Directions for this task ->
Only some lines are wanted. Transcribe, exactly, the lines below from the line with "EPRO艾默生 CON021/916-160图2" up to and including the line with "Polo di rappresentanza".

Source information ->
▬▬▬
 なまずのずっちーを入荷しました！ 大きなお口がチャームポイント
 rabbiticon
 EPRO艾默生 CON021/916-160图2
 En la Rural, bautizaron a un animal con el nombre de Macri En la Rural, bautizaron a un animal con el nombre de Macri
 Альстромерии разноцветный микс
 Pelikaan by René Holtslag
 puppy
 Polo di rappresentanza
▬▬▬
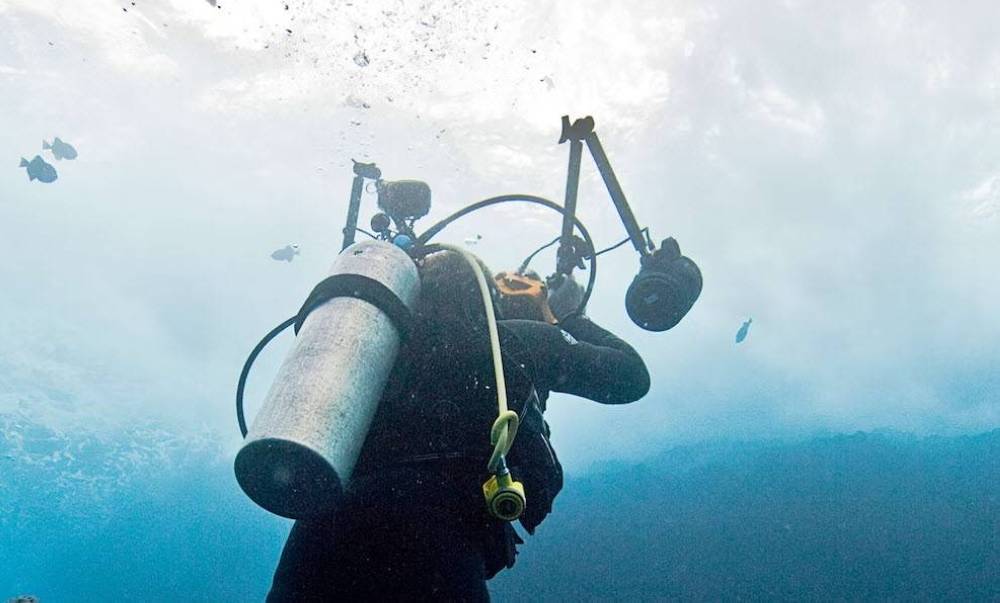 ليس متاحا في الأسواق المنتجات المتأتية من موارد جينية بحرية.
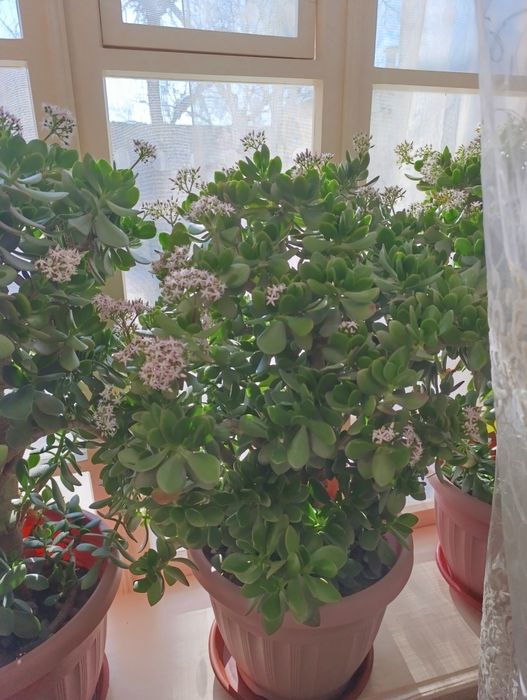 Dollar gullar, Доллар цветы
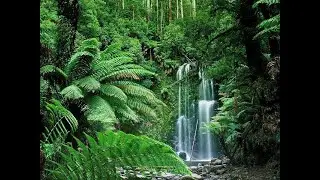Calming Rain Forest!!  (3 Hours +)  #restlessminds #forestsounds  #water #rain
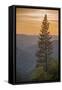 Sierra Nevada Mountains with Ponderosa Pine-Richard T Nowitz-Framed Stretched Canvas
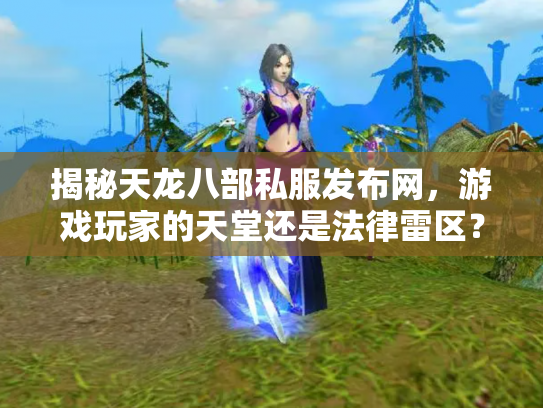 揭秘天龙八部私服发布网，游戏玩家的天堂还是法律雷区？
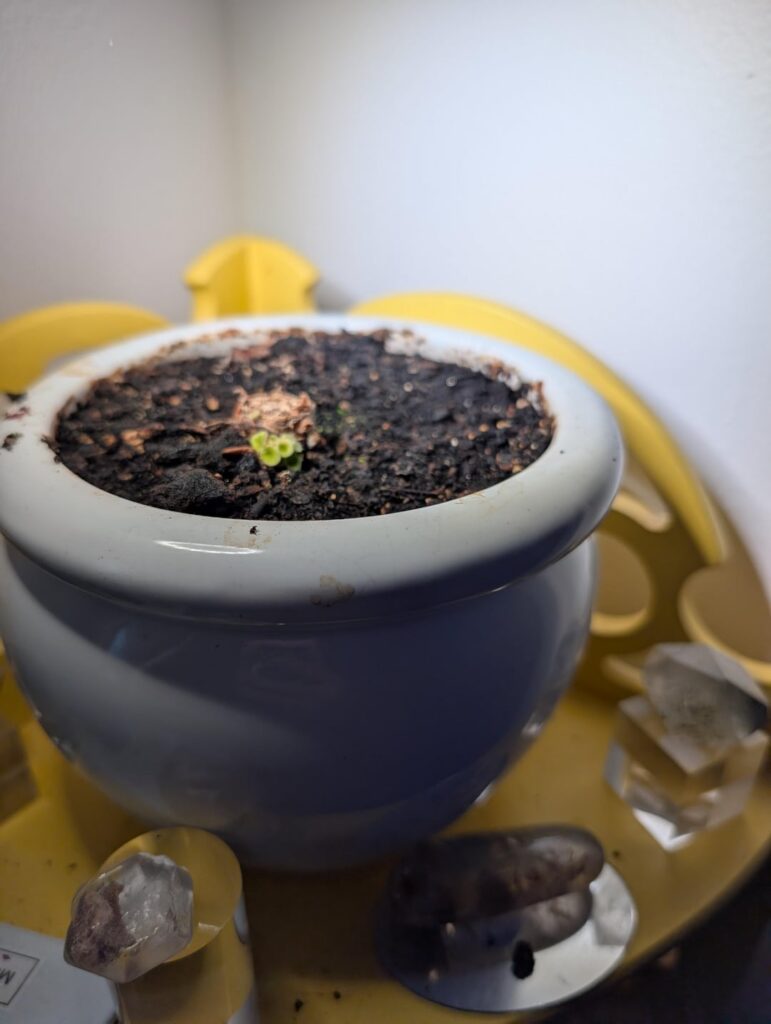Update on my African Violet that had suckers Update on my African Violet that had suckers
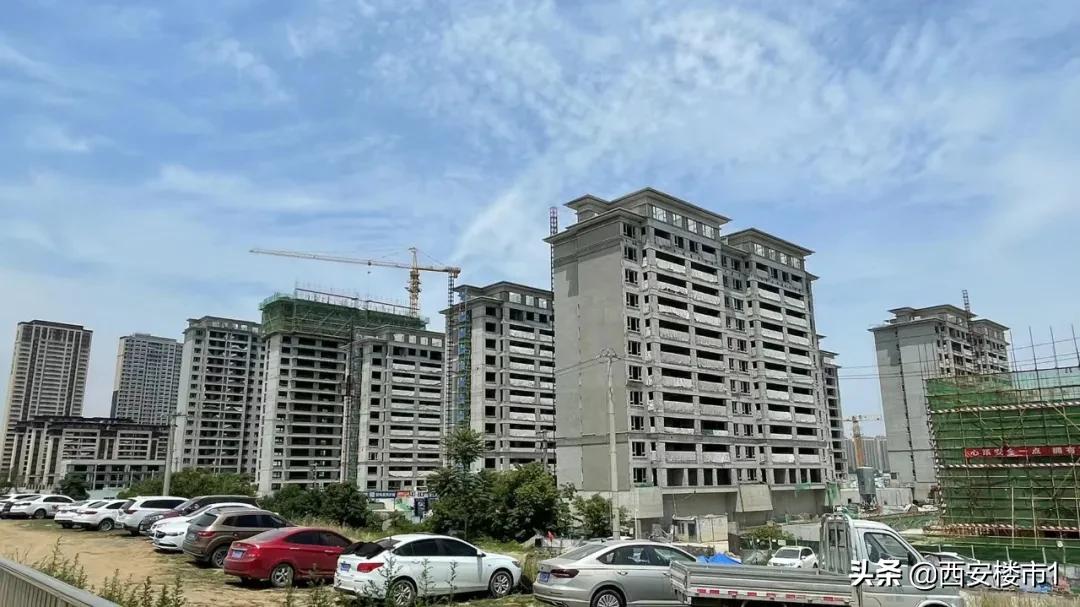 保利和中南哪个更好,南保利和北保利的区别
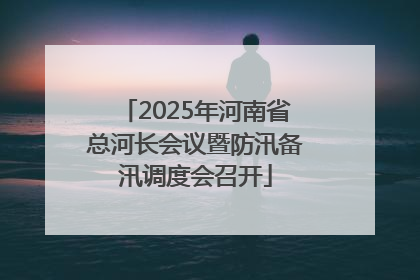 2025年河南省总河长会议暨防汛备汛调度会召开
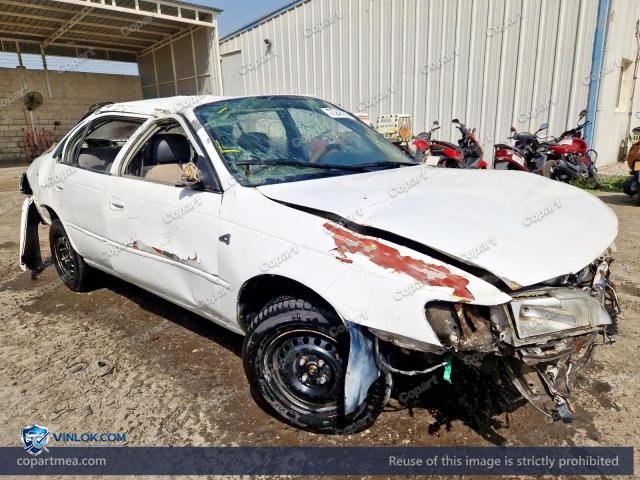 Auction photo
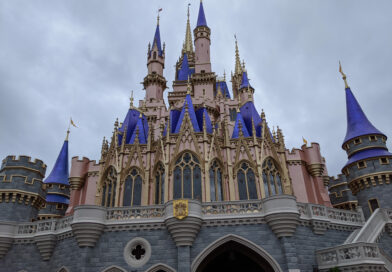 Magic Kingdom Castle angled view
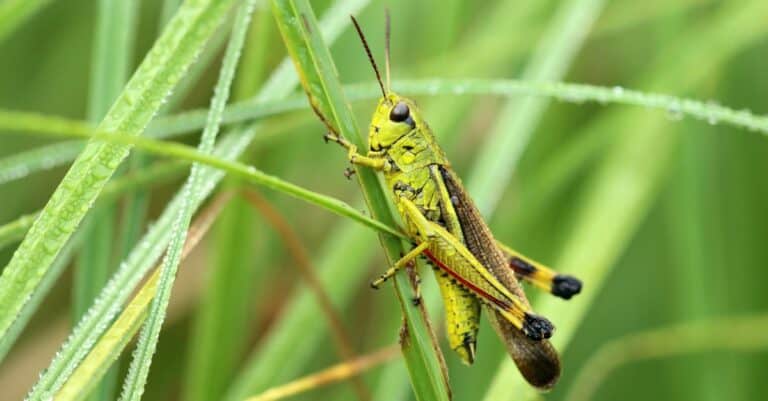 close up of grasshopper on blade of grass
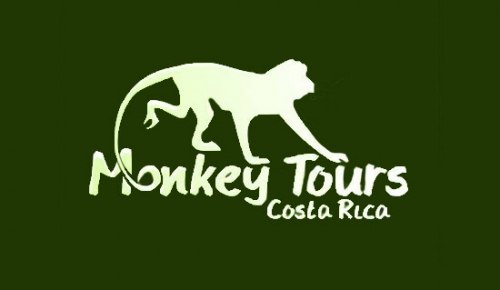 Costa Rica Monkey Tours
▬▬▬
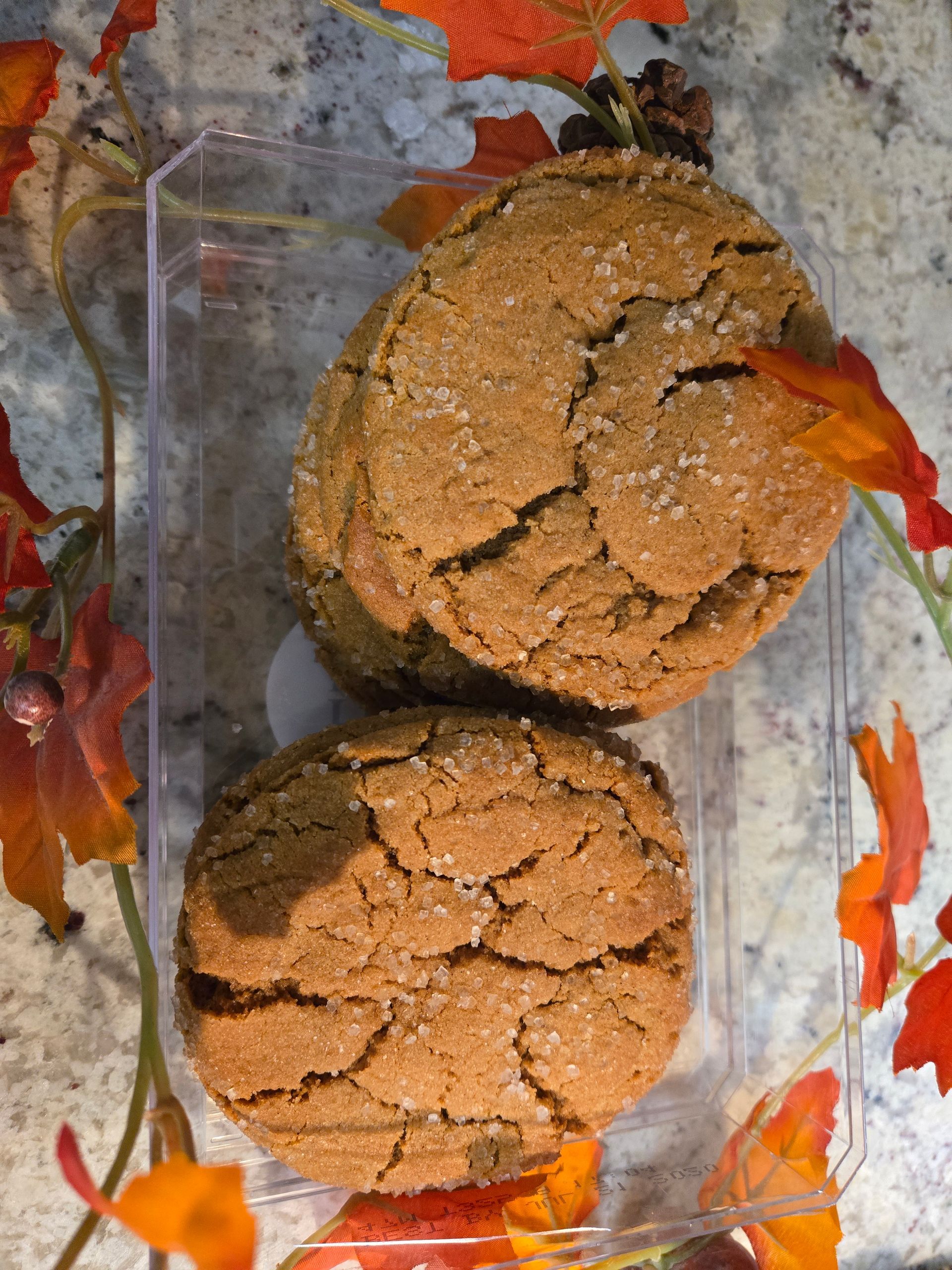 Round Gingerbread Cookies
▬▬▬
Solution to this problem ->
 EPRO艾默生 CON021/916-160图2
 En la Rural, bautizaron a un animal con el nombre de Macri En la Rural, bautizaron a un animal con el nombre de Macri
 Альстромерии разноцветный микс
 Pelikaan by René Holtslag
 puppy
 Polo di rappresentanza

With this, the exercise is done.